円卓の騎士の者たちがこのダンジョンへとやってくるようなことがあれば、同盟の者たちに一斉に知らせ――。
『作戦通り、ダンジョン内に招き入れる! あとはうまくやれよ!』
そして、円卓の騎士をダンジョン内へと通す。それが、セードー達があらかじめ決めておいた、円卓の騎士への対応だ。
アラーキーの報告を聞きながら、近づいてきたオーガソルジャーを弾き飛ばすキキョウが、不安げな表情になる。
「うまく、いくでしょうか?」
「うまくいくかどうか、それはこれから決まることだ」
前蹴りでオーガシールダーを蹴り飛ばし、セードーは声を張り上げる。
「――先へ進む! 援護してくれ!」
「自信のない奴はここに残って乱戦してくれ! 円卓の騎士の連中の足止めにもなるからな!」
「何名か死に戻っているようだな……」
一撃でプチタイタンを斬り倒すリュージ。
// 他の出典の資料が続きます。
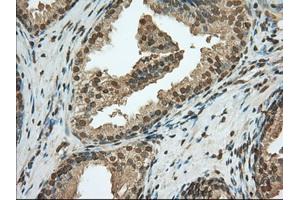 Immunohistochemical staining of paraffin-embedded Adenocarcinoma of Human ovary tissue using anti-PDE4A mouse monoclonal antibody. (PDE4A anticorps)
彼はまだ余裕に対応しているが、ソフィアの言うとおりすでに何名かが死に戻ってしまっている。
それを見て肩を竦めながら、ホークアイは魔導師の魔法を回避する。
「じゃ、いける奴は一気にいくかい? このままどこまで進めるか、試してみようじゃないか」
「あのモンスターを倒すまで進めない……とかなら?」
ショットガンの引き金を引きながら呟くサラの言葉に答えたのは、ウォルフだった。
「そんなら倒して進むだけ! さあ、行くでぇ!」
「オラオラー! 闘者組合のお通りだぁ!!」
威勢の良い啖呵を切りながら、ウォルフとサンが階段に向けて猛進し始める。
それを追い、ミツキとセードー、キキョウがウォルフたちの切り開いた道を駆け抜ける。
その後に異界探検隊、銃火団、スティールと着ぐるみ少女他数名が続く。
そして残ったプレイヤーたちは突如現れ、そして尽きることなくポップし続けるモンスターたちを倒し、地下十階での乱戦を開始し始める。
次々に階段を下りてゆく仲間たちをよそに、セードーは一度立ち止まり振り返る。
そしてモンスターたちと戦い続ける仲間たちに向けて、声を張り上げた。
「……すまない、後を頼む!」
そのセードーの声に答えるように、何名かが親指を立てる。彼らは危なげなく近づいてくるモンスターたちを屠っていった。
それを見届けてから、セードーは階段を下りて行った。
なお、残った場合はレアドロップ率の急上昇が狙える模様。